My goal was to build a resilient Rancher environment that is self-healing.
- Rancher Server: Single server with a backup AMI I can use to replace it if needed. Database is on RDS with multi-zone replication. (Tried Full HA but it would not remain stable. Had certificate issues. etc.) See This page for Diagram
- AMI for my base image: This images has my preferred version of docker, my registry certificate, the gluster driver, AWS cli tools.
- Launch Configurations (2): one for my log server cluster and one for what I am calling my Rancher Pool. (This is where the majority of my containers live.) These are configured to mount the gluster volume, change the ssh port to 2222, and install the rancher agent with the correct label for each group.
- AutoScaling Groups (2): one for my Graylog server cluster and one for the RancherPool. My RancherPool ASG starts with 3 and scales to 5 according the CPU load. The LogServer one is set to stay at 3.
On the Rancher Side, I have my application stacks which are configured to run on the appropriate hosts.
- ELK stack: (es, kibana, logstash,kibana) all configured to run on my LogServer hosts.
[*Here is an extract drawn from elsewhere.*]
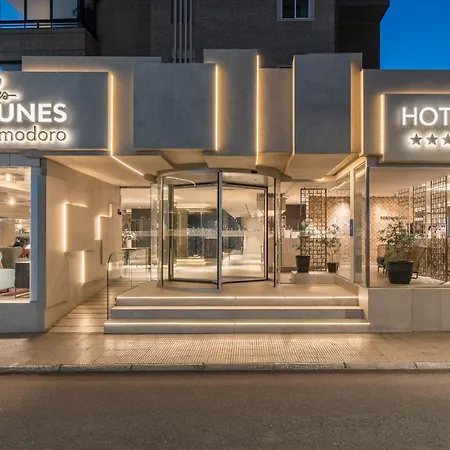 Les Dunes Comodoro Benidorm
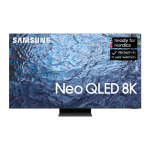 Samsung 85'' 4K Neo QLED Smart TV QN900C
- Jobber: which runs on one my Gluster Servers. (This backs up my gluster volume to S3 every hour) Link to Jobber project on GitHub.
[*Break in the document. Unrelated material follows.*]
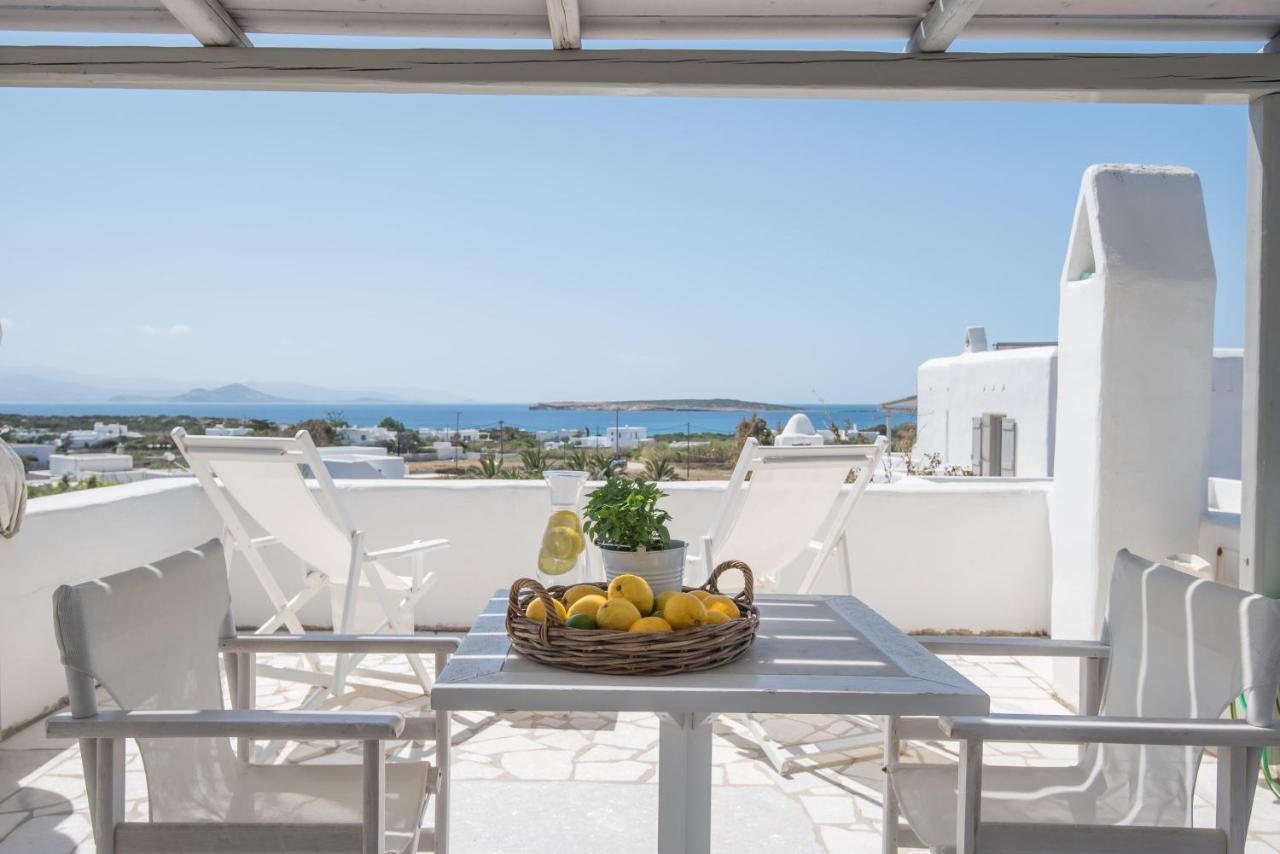 Aeraki Villas Santa Maria (Paros) Exterior foto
- Registry: (from catalog, but customized) runs on the RancerPool instances and stores its data to the Gluster volume
- A load balancer: I am using the Advanced routing options, so that I can route based on DNS names.
- Route53: This provides me with DNS Names for any container that exposes a port. I set up a Route53 zone just for rancher. I can then use CNames in my production zone to make the urls nice and simple.
- Logspout: to gather the logs and send them to Logstash. (runs on all hosts)
- Prometheus: Produces some pretty graphs. (Runs on any/all instances.)